Please set down all of the data below verbatim.

DATASET EXTRACT: Begin

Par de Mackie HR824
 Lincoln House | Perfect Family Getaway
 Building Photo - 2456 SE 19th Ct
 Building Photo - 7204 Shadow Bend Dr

DATASET EXTRACT: End

◆ RESPONSE TO THIS TASK ◆
Par de Mackie HR824
 Lincoln House | Perfect Family Getaway
 Building Photo - 2456 SE 19th Ct
 Building Photo - 7204 Shadow Bend Dr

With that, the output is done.